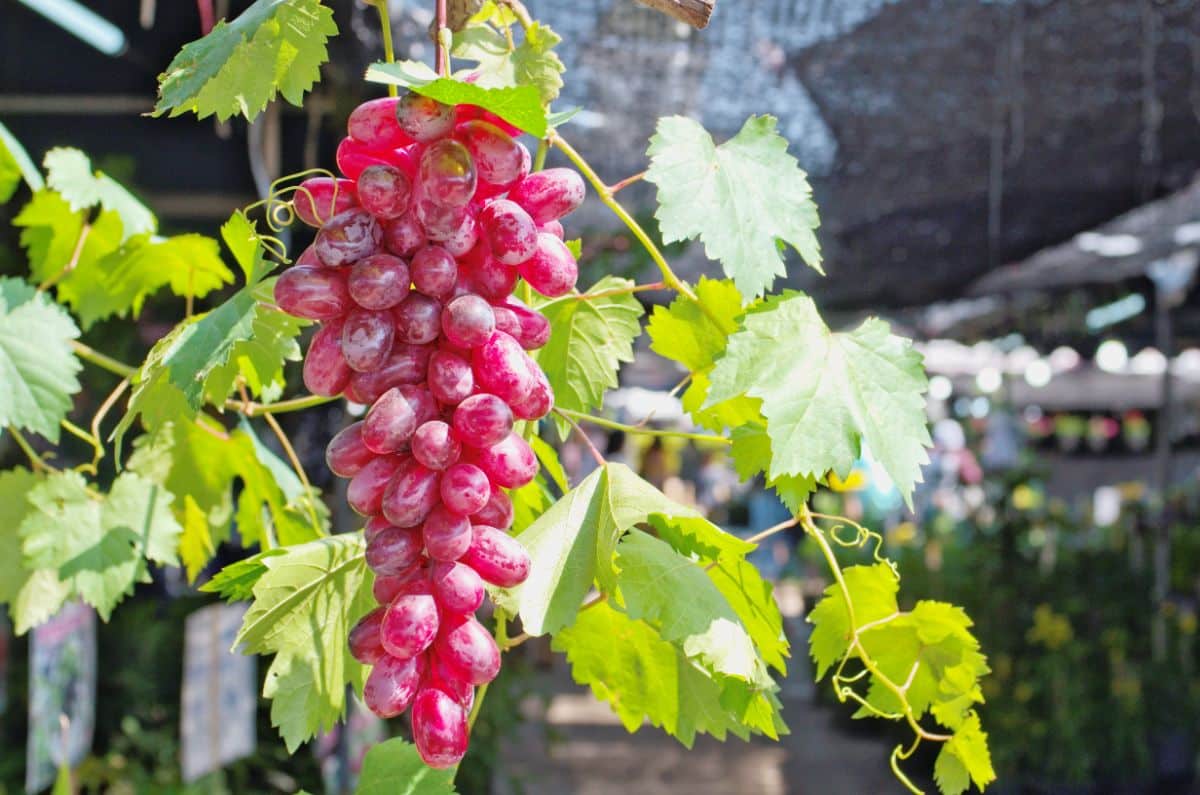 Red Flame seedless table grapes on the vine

...

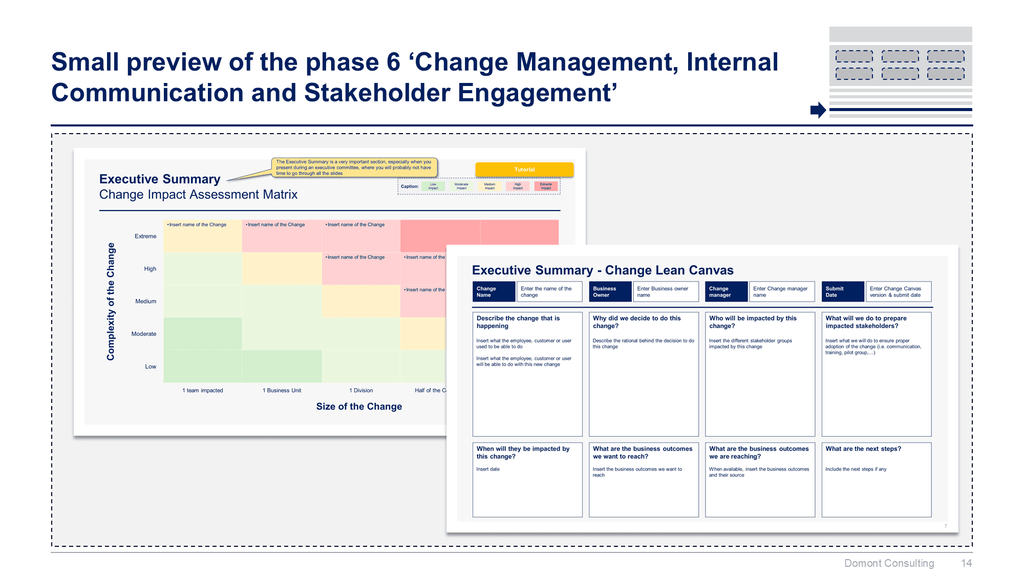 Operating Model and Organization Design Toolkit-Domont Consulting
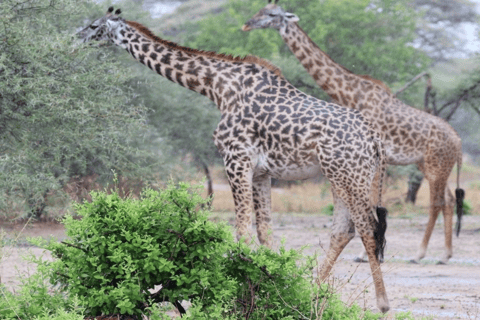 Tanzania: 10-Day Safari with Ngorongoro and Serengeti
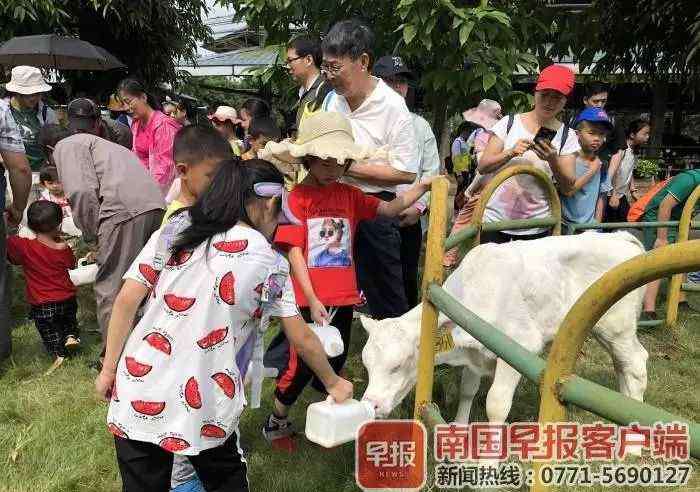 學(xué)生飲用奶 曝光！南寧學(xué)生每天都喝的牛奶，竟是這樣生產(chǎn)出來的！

---

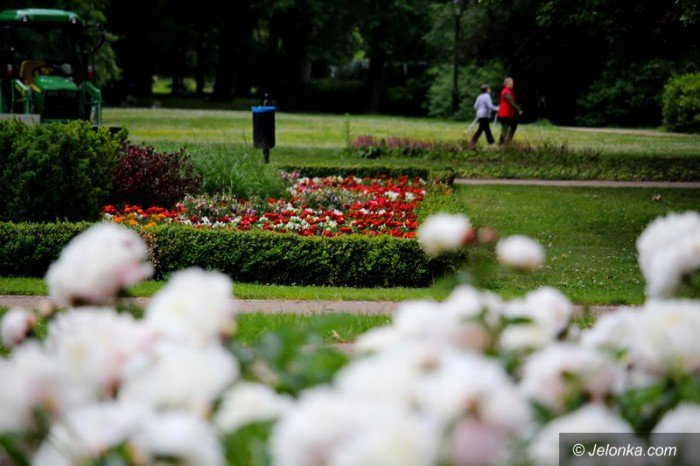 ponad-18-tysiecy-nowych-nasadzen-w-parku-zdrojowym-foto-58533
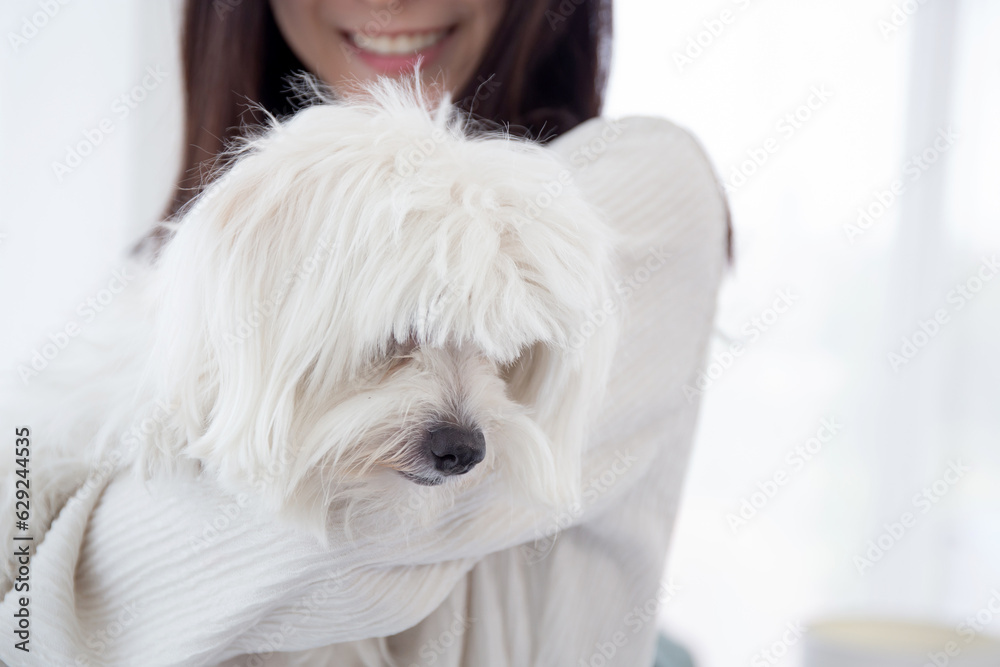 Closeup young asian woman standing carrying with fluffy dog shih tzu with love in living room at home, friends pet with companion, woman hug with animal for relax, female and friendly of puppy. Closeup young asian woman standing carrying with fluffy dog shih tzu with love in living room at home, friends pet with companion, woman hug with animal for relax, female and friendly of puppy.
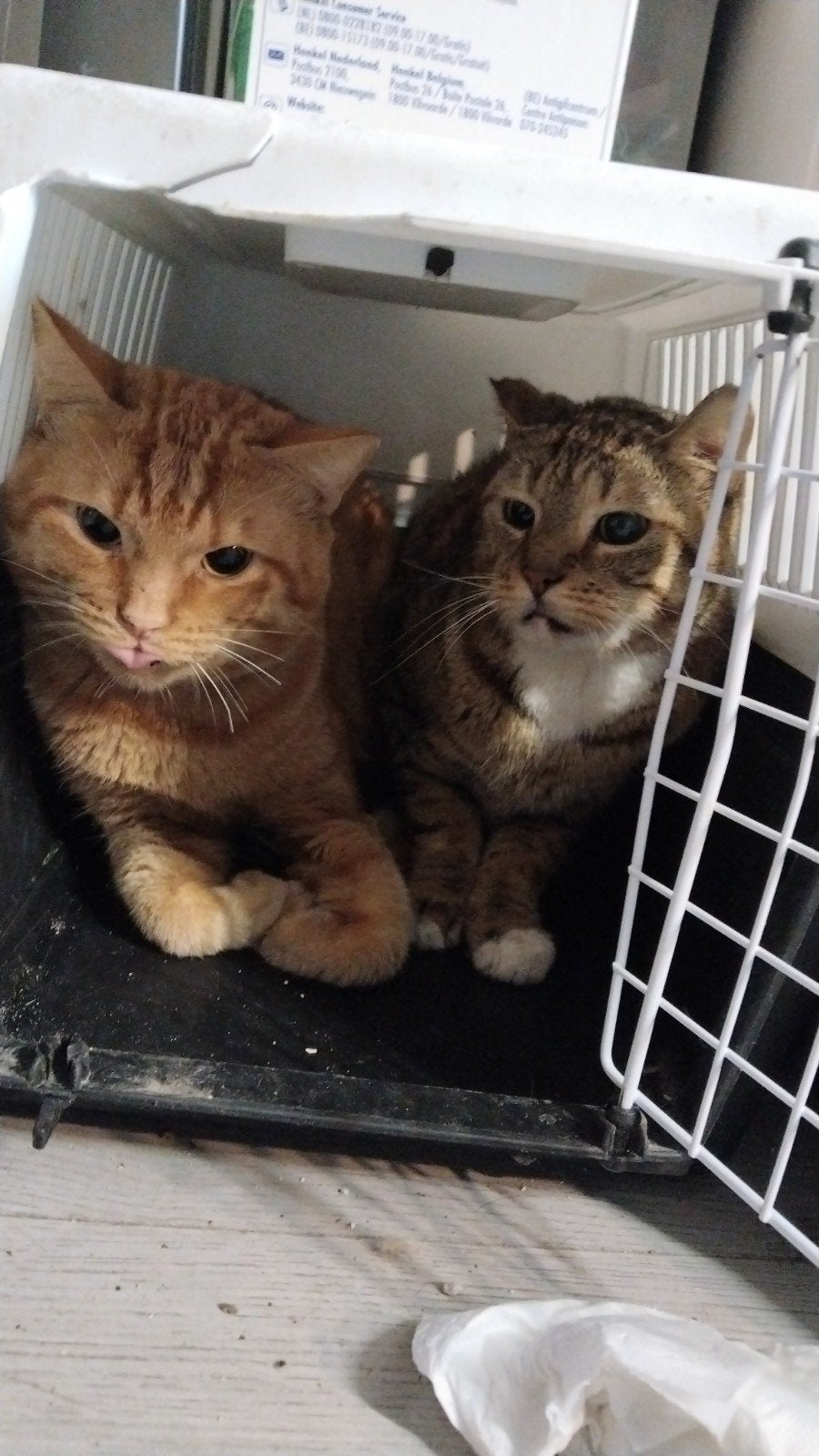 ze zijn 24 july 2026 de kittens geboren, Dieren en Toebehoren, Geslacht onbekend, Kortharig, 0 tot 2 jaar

* WORK REQUEST *
An exact copy is needed of the stretch above that opens with the line containing "Operating Model and" and closes with the line containing "學(xué)生飲用奶 曝光"; the pictures are not part of it.

* RESPONSE TO THIS EXERCISE *
 Operating Model and Organization Design Toolkit-Domont Consulting
 Tanzania: 10-Day Safari with Ngorongoro and Serengeti
 學(xué)生飲用奶 曝光！南寧學(xué)生每天都喝的牛奶，竟是這樣生產(chǎn)出來的！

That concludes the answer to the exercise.